10 Video’s on Electroconvulsive Therapy
The most recent hands on experience with ECT and it’s side-effects. There is an excellent lecture by a doctor who has had electroconvulsive therapy: Sherwin Nuland, the surgeon and author, talks about the development of electroshock therapy as a cure for severe, life-threatening depression. Midway through, his story turns personal. It’s a moving and deeply felt talk about relief, redemption, second chances
You can view another 9 video’s on ECT in a recent post. All video’s were selected by the author of this blog because he finds them to be genuine and true.
This blog also has a post about 11 websites and blogs with trustworthy information about ECT.
January 28, 2009 @ 6:35 am
Amazing how well much the ECT has changed her mental illness, I was especially impressed with the description (from dark night to cloudy day). It is also very cool that she is no longer having to take her antipsychotics anymore and is able to lose the weight.
February 10, 2011 @ 10:18 pm
Getting off the meds is probably what has helped, NOT the fact she had ECT. ECT is a closed head injury. Punch drunk for 4 weeks. Damages your brain and especially insight into the damage.
August 26, 2011 @ 11:07 pm
No, Cheryl, “getting off the meds” probably DID NOT HELP. Please don’t give people bad and unsupported quack advice.
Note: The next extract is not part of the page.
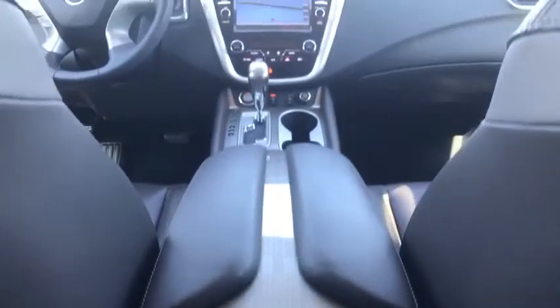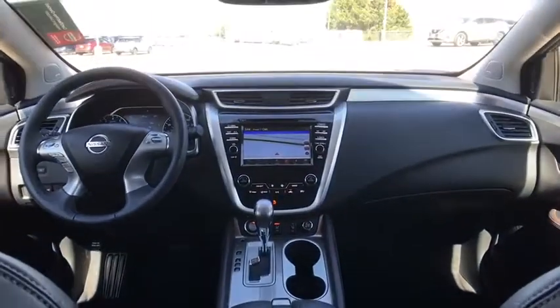Bluetooth, power steering, adjustable steering wheel, aluminum wheels, keyless start, cruise control, four-wheel disc brakes, auto-dimming rear view mirror.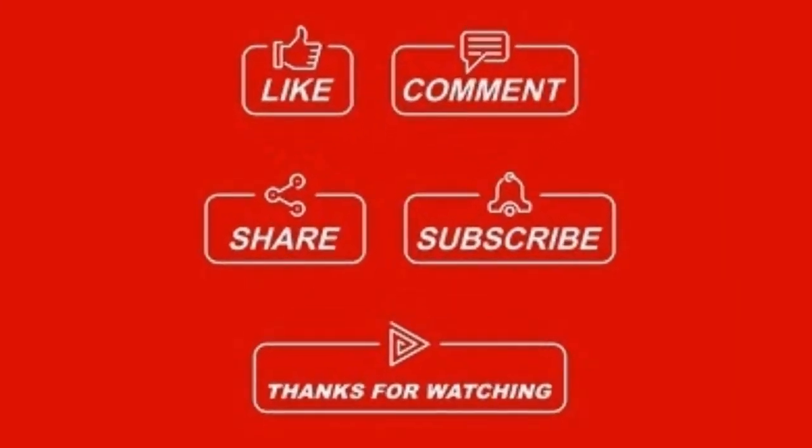Leave a comment down below and let me know what you think of this new change. Don't forget to like and subscribe for more videos.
It’s very likely ECT DID HELP, as it has been shown to be highly efficacious.
August 28, 2011 @ 10:35 pm
ECT has not been shown to be efficacious. Studies show it gives temporary (4 weeks) euphoria/apathy which wears off and the person finds they still have depression plus brain damage on top.
March 9, 2012 @ 9:48 pm
Actually, ECT can help with depression and some other mental illnesses. It is only temporary, but it still lasts a long time. It’s only meant for severe cases. Just because it has caused brain damage doesn’t mean that it always does. ECT has proven to work about 80% of the time. I’m researching it now for my psychology class. The memory loss goes away most of the time, within a month. Cheryl, please don’t misinform the community about something you haven’t even tried to research.
May 19, 2017 @ 5:13 pm
Xero….why do you assume love that Cheryl hasn’t “even tried to research” ECT?
October 16, 2022 @ 10:02 pm
My mother, now deceased, had both the old-fashioned shock treatments and the new. I was about seven when she had the old shocks. I remember it clearly. She would come home from the hospital appearing to be stunned, ruined, and bruised where they held her down while she convulsed. This hurt me terribly. I was able to come up with a good idea as to what it was like for her, gleaning much from osmosis. I later saw a film of it, and I wasn’t far from the mark. I don’t know why they used such high voltage. Why? Why didn’t they start out slowly? From my seven years old point of view, it did more harm than good.
She went for maybe thirty years without any shock treatments. They treated her with medicine. She was on heavy doses of psyche drugs. Much to my disappointment she was never healed of her illness called schizoaffective disorder.
When we moved her from an apartment to an assisted living facility she went into a deep depression. Her visage could have been used as an illustration in a textbook of depression. Though they tried they couldn’t lift her out of it. A nurse suggested she try ECT assuring us it was different from the ECT from years before. We gave my mother this information and let her make her own decision. She decided to try it. She had to be moved to a hospital who performed the procedure. I didn’t like that hospital; the atmosphere was full of doped up illness. She was not allowed to take a nap. She was forced to sit in a common room when awake. They gave her the shocks in timed increments. My mother said she didn’t want to do it anymore before she completed the procedure. We brought her back to the assisted living facility without hope that she would come out of the depression. But she did! She was back to her old self!
This is my experience with shock treatments—the good and the bad of it.